2. Assuming that the transaction involved in the Ray complaint was within the prohibition of the statute, is the plaintiff within the class of persons for whose benefit the statute was enacted so that he may call to his aid the provisions of the statute in a civil action against the violators or their accessories? We think he is. No case directly in point has been called to our attention, nor in our search of the authorities have we found any. The line of cases involving negligence actions are helpful but not controlling. Bott v. Pratt, 33 Minn. 323, 23 N.W. 237, 53 Am. R. 47; Osborne v. McMasters, 40 Minn. 103, 41 N.W. 543, 12 A.S.R. 698; Perry v. Tozer, 90 Minn. 431, 97 N.W. 137, 101 A.S.R. 416; Anderson v. Settergren, 100 Minn. 294, 111 N.W. 279; Schaar v. Conforth, 128 Minn. 460, 151 N.W. 275; Frederick v. McRae, 157 Minn. 366, 196 N.W. 270.
More nearly applicable is the rule applied in Baxter v. Coughlin, 70 Minn. 1, 72 N.W. 797, where it was held that the directors of a bank receiving deposits in violation of L. 1895, c. 219, knowing the bank to be insolvent, became liable to a person making a deposit for the loss sustained, the depositor being ignorant of the insolvency of the bank. This rule was followed in Frederick v. McRae, 157 Minn. 366, 196 N.W. 270, and approved in Aichele Bros. Inc. v. Skoglund, 194 Minn. 291, 260 N.W. 290.
This court has long recognized the rule that when a statute imposes a duty on a person and that person violates the statute he renders himself liable in damages to the person for whose benefit the statute was enacted. Frederick v. McRae, 157 Minn. 366, 196 N.W. 270. The statute involved in this case contains a provision stating its intention in the following language:
"It is the intention of this act to prevent, punish and prohibit, within this state, the business now engaged in and conducted in places commonly known and designated as 'bucket shops,' by persons, corporations, associations or copartnerships, who or which ostensibly carry on the business or occupation of commission merchants or brokers in grain, provisions, petroleum or stocks and bonds."

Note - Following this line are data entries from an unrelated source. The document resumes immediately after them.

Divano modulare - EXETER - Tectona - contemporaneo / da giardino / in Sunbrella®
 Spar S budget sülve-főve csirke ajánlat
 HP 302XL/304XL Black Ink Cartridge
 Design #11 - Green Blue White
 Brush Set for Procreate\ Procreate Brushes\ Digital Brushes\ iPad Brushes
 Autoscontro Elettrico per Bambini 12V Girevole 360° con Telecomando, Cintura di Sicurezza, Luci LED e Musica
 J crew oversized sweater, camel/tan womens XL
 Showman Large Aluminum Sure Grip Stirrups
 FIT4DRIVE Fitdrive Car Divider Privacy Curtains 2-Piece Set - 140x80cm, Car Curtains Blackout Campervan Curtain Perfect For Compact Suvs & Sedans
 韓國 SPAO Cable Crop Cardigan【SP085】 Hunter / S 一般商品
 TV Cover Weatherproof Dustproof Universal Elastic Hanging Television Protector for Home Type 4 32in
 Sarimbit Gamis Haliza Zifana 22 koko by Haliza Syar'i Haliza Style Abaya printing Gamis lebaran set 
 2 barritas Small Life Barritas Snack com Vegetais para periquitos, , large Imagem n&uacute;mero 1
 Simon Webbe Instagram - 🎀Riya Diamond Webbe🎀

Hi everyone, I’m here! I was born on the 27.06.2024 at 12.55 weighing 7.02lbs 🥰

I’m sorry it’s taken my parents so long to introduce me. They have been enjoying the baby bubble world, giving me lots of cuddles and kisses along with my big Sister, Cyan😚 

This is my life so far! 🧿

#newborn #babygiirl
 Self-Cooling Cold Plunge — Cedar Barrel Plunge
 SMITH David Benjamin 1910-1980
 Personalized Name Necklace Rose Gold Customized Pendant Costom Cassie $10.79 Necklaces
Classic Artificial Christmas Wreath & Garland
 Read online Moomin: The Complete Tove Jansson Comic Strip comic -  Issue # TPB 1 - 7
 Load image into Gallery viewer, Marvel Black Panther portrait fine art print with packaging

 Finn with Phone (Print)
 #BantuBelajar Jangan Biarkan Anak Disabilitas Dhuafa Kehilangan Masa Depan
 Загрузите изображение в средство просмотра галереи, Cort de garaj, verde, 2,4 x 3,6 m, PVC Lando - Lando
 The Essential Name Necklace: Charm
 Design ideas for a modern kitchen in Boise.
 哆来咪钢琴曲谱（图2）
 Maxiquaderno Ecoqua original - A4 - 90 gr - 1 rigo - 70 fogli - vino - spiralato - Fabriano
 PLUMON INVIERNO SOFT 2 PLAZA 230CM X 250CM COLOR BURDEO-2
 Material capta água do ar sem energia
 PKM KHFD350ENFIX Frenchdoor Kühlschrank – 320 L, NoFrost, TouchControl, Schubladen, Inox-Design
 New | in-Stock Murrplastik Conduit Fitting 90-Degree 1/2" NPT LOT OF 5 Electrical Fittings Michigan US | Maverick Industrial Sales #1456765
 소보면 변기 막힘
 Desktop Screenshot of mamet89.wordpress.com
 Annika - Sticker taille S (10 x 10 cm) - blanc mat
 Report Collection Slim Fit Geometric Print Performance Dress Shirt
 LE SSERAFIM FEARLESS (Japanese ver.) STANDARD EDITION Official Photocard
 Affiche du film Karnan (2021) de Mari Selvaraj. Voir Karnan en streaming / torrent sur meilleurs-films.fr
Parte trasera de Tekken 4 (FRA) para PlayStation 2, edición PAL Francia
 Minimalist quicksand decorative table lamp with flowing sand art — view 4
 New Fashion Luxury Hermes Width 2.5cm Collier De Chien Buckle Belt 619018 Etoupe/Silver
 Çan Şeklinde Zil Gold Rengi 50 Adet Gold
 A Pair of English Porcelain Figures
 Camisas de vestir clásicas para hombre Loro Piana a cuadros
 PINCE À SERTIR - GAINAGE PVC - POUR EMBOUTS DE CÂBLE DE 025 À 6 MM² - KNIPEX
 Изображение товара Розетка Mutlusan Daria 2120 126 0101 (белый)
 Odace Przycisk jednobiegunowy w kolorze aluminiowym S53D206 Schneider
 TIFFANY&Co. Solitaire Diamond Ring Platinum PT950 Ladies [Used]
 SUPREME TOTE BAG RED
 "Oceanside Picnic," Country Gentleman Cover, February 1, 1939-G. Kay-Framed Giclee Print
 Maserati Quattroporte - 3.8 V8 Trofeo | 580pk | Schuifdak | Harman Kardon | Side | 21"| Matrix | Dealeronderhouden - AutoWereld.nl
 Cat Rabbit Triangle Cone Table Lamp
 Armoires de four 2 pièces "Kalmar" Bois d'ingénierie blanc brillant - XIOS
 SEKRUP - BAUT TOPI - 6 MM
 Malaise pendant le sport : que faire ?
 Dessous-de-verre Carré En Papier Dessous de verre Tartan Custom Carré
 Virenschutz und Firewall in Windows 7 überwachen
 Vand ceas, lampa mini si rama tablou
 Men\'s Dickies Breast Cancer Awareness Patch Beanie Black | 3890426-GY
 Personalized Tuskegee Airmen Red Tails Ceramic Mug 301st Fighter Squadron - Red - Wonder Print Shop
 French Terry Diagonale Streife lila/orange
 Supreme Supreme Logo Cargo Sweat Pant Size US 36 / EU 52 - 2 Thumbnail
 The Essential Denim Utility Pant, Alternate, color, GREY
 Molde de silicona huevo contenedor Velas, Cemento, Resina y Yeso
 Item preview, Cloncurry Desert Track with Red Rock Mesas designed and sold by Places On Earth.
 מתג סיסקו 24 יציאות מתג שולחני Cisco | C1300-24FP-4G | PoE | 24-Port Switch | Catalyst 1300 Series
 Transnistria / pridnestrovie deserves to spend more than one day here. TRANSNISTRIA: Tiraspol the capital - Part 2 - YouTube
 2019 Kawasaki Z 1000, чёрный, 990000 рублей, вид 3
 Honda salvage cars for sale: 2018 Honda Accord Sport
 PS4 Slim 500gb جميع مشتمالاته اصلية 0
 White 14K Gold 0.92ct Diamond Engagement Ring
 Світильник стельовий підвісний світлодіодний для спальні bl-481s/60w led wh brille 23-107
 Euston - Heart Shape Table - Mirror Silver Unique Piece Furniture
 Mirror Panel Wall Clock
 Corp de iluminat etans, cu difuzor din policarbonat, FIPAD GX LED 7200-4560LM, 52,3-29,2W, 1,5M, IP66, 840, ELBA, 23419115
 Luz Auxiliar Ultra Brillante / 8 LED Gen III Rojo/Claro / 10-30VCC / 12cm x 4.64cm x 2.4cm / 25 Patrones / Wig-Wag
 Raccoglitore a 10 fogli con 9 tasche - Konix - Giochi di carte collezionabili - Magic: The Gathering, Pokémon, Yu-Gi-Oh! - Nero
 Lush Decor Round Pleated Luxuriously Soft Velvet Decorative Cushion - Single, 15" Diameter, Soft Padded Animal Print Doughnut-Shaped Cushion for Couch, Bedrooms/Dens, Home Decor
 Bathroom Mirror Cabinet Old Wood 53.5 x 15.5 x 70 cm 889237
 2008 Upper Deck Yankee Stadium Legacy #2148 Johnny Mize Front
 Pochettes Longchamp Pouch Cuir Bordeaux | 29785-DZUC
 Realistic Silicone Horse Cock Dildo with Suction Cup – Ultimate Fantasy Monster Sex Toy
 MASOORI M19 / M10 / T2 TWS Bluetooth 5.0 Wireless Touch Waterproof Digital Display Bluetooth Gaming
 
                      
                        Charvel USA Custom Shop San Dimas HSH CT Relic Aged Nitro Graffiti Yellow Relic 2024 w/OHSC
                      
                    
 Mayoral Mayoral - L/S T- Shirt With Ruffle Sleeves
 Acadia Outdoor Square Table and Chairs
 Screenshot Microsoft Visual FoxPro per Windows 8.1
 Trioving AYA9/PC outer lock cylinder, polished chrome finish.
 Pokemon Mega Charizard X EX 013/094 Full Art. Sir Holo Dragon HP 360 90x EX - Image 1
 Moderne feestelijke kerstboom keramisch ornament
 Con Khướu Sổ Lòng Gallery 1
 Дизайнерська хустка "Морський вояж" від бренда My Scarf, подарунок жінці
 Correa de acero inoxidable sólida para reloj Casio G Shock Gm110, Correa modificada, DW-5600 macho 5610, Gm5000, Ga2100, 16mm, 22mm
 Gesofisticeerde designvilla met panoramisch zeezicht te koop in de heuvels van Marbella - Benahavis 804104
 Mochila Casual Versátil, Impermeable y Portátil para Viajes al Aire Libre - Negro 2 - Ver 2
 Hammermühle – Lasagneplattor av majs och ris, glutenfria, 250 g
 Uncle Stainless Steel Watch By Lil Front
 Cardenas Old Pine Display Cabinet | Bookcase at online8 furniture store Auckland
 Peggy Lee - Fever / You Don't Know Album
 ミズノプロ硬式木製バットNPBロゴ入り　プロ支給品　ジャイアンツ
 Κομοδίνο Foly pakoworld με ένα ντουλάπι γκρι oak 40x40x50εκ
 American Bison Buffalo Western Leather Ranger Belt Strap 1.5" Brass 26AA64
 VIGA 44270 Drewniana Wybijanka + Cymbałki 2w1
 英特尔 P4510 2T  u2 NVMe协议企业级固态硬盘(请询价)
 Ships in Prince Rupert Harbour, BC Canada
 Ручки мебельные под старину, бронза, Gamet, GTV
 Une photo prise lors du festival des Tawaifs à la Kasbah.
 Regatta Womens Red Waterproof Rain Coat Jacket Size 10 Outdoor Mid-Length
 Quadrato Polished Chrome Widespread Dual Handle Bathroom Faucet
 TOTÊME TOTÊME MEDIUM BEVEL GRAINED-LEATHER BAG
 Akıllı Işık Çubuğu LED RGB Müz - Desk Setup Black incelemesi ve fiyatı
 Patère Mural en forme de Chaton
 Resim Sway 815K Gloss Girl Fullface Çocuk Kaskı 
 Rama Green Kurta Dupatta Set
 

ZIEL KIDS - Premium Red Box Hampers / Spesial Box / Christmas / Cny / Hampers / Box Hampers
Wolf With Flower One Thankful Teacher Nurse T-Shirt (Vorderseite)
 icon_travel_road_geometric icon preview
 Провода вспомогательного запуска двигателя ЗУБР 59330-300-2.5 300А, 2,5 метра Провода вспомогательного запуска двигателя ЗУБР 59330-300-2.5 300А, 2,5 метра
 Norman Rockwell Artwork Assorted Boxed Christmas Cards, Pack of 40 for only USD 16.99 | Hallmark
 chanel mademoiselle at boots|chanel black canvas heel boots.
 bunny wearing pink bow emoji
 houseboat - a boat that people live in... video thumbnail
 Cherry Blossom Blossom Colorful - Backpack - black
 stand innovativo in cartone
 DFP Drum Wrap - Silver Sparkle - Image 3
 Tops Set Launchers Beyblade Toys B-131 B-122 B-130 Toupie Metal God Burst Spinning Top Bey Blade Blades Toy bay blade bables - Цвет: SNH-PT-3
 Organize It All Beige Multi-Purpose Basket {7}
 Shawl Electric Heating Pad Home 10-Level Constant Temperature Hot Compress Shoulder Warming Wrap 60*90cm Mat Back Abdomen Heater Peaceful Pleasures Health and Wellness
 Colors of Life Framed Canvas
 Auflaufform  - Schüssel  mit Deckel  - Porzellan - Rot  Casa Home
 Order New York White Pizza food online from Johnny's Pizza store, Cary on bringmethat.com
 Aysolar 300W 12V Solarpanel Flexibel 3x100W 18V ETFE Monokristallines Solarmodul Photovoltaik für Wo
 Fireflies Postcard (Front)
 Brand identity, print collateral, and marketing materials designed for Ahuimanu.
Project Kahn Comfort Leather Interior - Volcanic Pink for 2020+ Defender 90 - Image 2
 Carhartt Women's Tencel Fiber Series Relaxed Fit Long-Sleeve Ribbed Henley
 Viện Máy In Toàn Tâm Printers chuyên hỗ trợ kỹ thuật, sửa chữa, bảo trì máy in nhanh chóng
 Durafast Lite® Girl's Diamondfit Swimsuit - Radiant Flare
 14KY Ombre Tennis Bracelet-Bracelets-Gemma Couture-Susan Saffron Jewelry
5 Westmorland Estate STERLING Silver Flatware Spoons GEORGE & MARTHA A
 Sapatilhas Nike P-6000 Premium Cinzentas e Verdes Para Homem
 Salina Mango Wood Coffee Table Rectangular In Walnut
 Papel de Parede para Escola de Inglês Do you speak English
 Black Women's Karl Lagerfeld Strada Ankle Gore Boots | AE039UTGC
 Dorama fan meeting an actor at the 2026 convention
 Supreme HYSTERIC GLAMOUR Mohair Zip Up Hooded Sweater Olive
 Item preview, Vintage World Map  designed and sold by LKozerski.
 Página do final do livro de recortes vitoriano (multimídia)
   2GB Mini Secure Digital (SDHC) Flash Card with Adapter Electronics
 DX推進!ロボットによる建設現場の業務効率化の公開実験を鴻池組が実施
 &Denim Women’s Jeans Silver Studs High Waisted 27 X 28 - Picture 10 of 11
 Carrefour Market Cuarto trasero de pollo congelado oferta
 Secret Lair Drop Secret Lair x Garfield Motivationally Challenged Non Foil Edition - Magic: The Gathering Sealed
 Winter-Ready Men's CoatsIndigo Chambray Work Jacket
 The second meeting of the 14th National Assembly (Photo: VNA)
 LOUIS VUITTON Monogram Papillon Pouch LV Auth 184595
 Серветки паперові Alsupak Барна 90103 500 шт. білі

We do not believe that the legislature intended by the wording used to limit the application of the statute to the prosecution of those who violate it. The prevention of its violation might well be accomplished not only by the prosecution of the violator but by permitting those innocently beguiled by its violation to recover their losses from the beguiler. By this we are assuming, as we must, that as pleaded the plaintiffs in these cases thought they were engaging in bona fide transactions and were without knowledge of the methods by which defendants conducted their respective lines of business. If plaintiffs had knowledge of these facts and were also intentional violators, the statute would offer no consolation to them in the trial of a civil action.
The case of Nagle v. Randall, 115 Minn. 235, 132 N.W. 266, relied upon by appellants, is not controlling nor is the holding applicable. The court there found that neither the landlord nor the keeper of the gambling house involved actually participated in the gambling transactions. Furthermore, in that case the statute violated specifically permitted recovery from the winner only.
Regardless of the right of the plaintiff to call to her aid the provisions of the bucket shop statute in the prosecution of this action, the amended complaint contains sufficient allegations of fraud and conspiracy to sustain it. The rule is that in determining the sufficiency of a complaint when challenged by general demurrer, the demurrer will be overruled if, under any view of the facts pleaded, a cause of action is stated. 5 Dunnell, Minn. Dig. (2 ed. Supps. 1932, 1934) §§ 7528a, 7549, 7724.
Appellants contend that the complaint is defective because it contains alternative allegations. While some of the allegations of the amended complaint may be subject to criticism for that reason, nevertheless the complaint, taken as a whole, contains sufficient unobjectionable allegations to sustain it.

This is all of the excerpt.